Hi. Thanks for getting back.

She has not had her thyroid levels checked. What does this check consist of and what does it reveal?

She is not on treatment. Her doctor wanted to operate and remove the nodules, my wife decline because of bad reports.

Marz
Marz in reply to Hidden

It could be she has Hashimotos - which is auto-immune - I had nodules and the Thyroid Function Tests done here in Crete were all in range with HIGH Thyroid anti-bodies - so was given a diagnosis of Hashimotos. This was back in 2005 and I assume my nodules are still there :-)
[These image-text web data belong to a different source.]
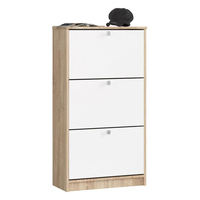 Meuble de rangement moderne en bois à trois niveaux pour chaussures, idéal pour le salon - Collection 2026 en promotion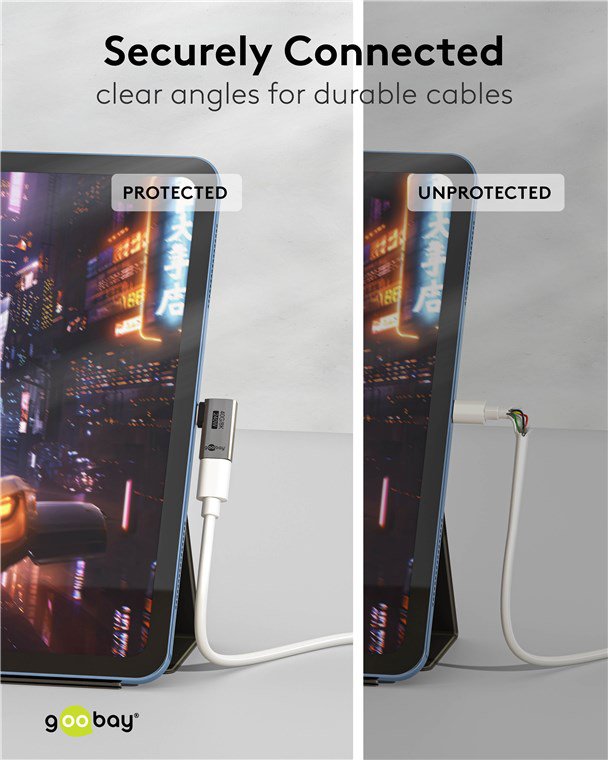 antaptoras USB-C, goniakos 90°, USB4, 240W, 40Gbps, 8K, gkri 7724 240 watt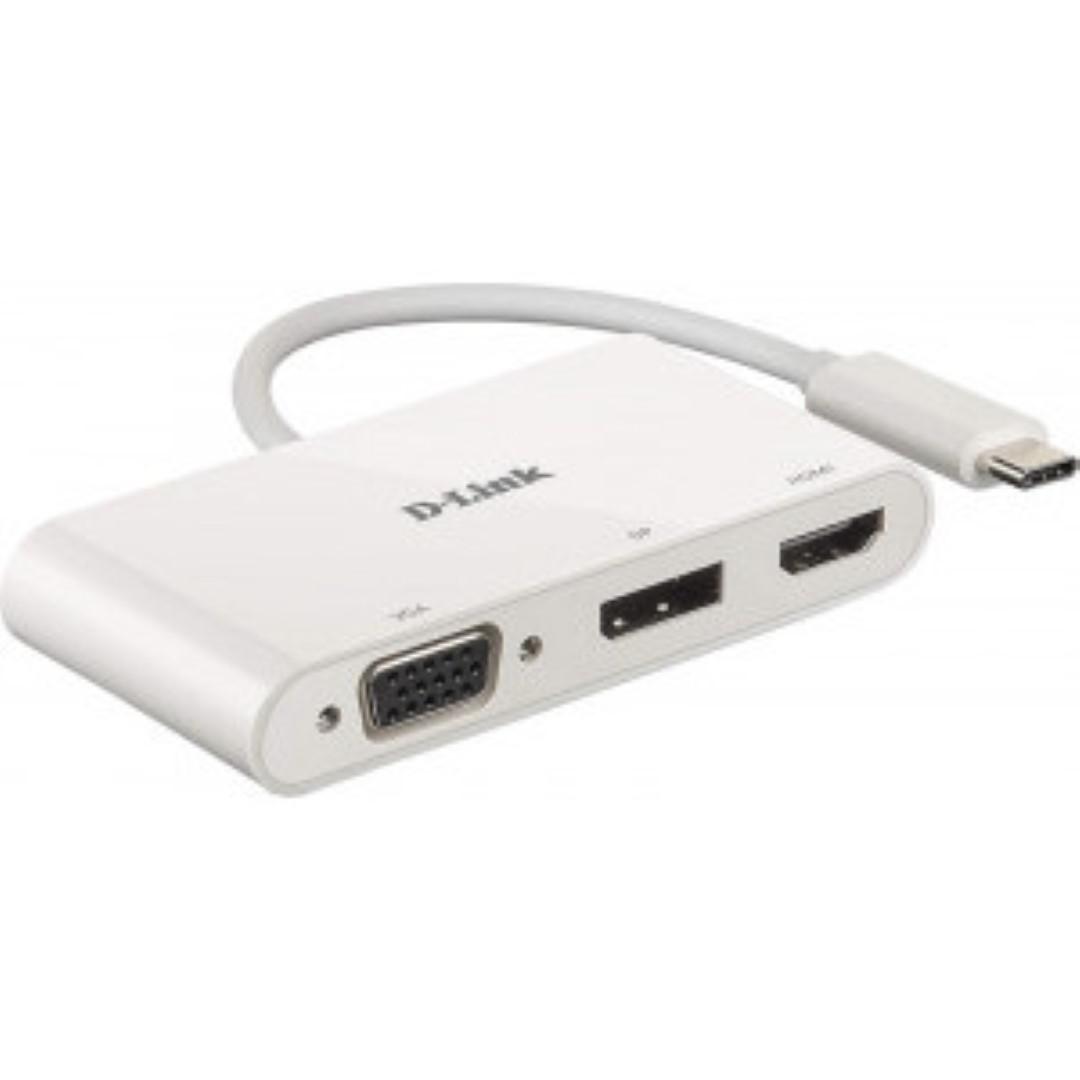 overlay_fb0b5880dfb3398a85c1348aed5e54fc.jpg D-Link DUB-V310 3-in-1 USB-C Hub with HDMI, VGA and DisplayPort - imagine 1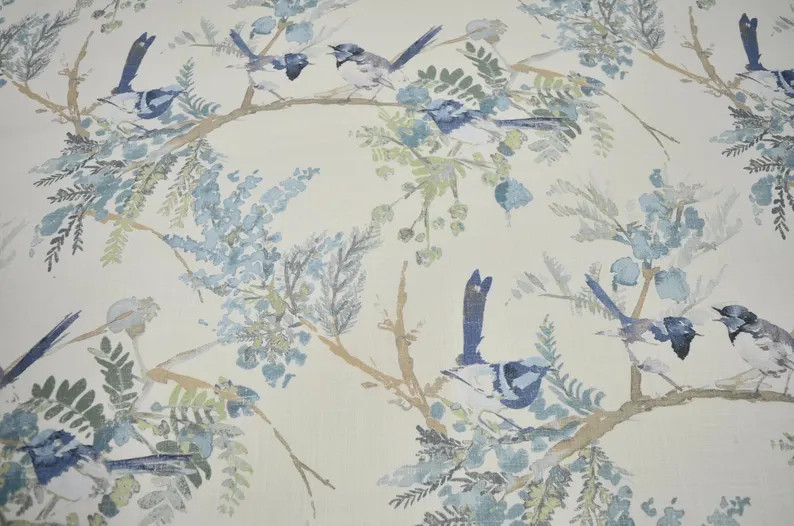 Emilia 524 Mediterranean Blue Watercolor Floral Birds Blues Greens Covington Drapery Fabric - Ets... | Etsy (Global)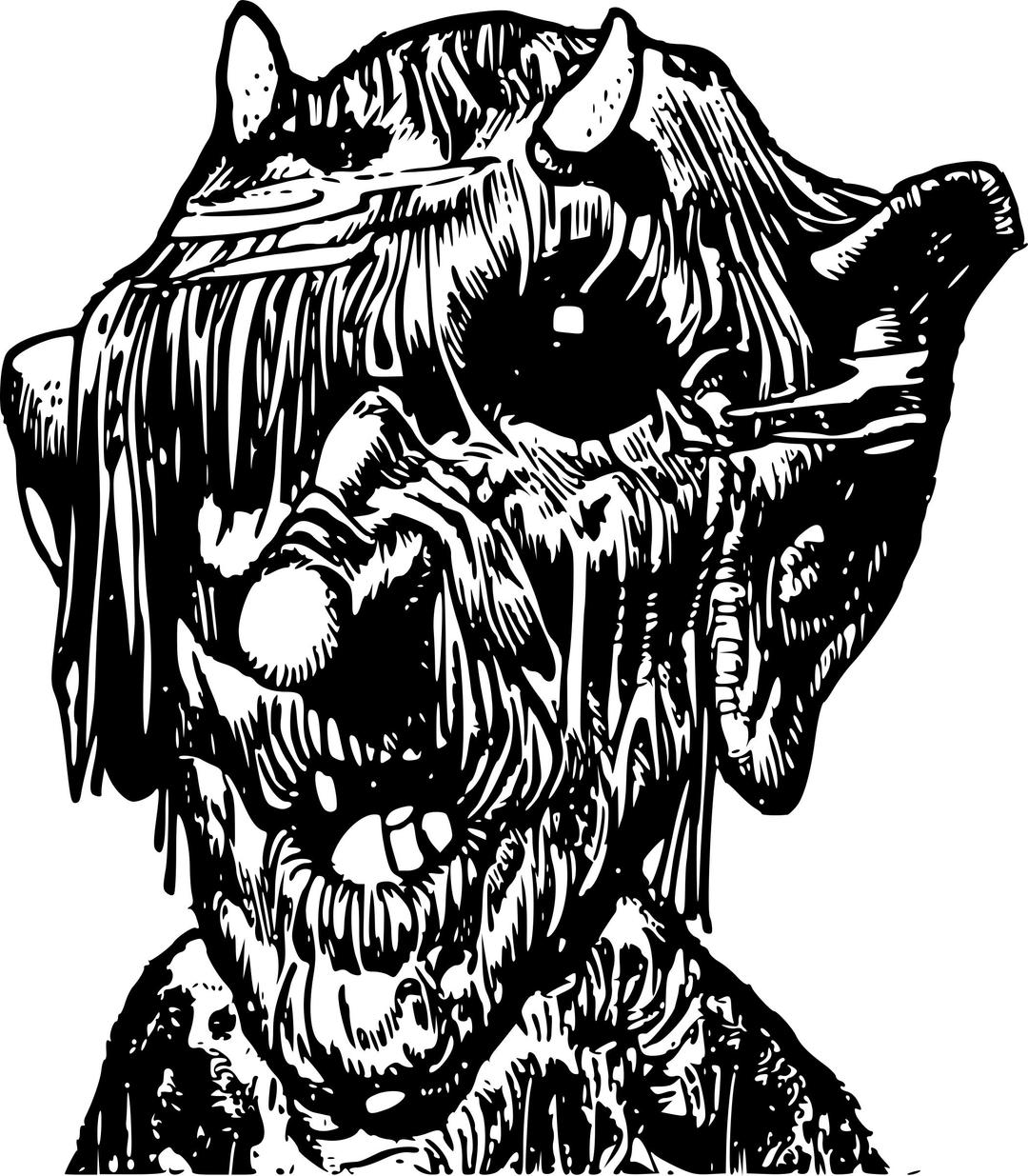Hairy Monster Face png transparent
Having Hashimotos means you can swing from Hypo to Hyper which in turn can cause blood pressure issues. So can stress - low magnesium - low iron - low folate - low VitD - low B12 and low thyroid hormones .... Thyroid issues can also cause sleep problems as can the adrenals .....

Please avoid surgery if at all possible unless there are other issues like a big goitre or problems with swallowing. You really must get those thyroid tests done including the anti-bodies.

That's not a diagnosis. The greater part of the population has thyroid nodules. At best, it's a constatation. If she has symptoms, then further testing should be done until they find the cause. And, then you can say you've got a diagnosis! :)

Hidden
Hidden in reply to greygoose

We live and work as expats in the Ukraine where the med services are poor. My wife is Ukrainian. Here, it's a standard procedure to remove the nodules by surgery. This is effectively a third world country where secondary tests are not suggested, as the doctors make their living from surgical procedures.

I suppose my questions is still: can having thyroid nodules give rise to:

a) Fluctuating blood pressure.

b) Inability to sleep properly.

greygoose
greygoose in reply to Hidden

Unless they are secreting their own hormone, I would say no, they wouldn't. But you won't know if they're secreting hormone without getting her hormone levels tested.

Hidden
Hidden in reply to greygoose

Okay, thanks for that. We will make enquiries about having a specific test done.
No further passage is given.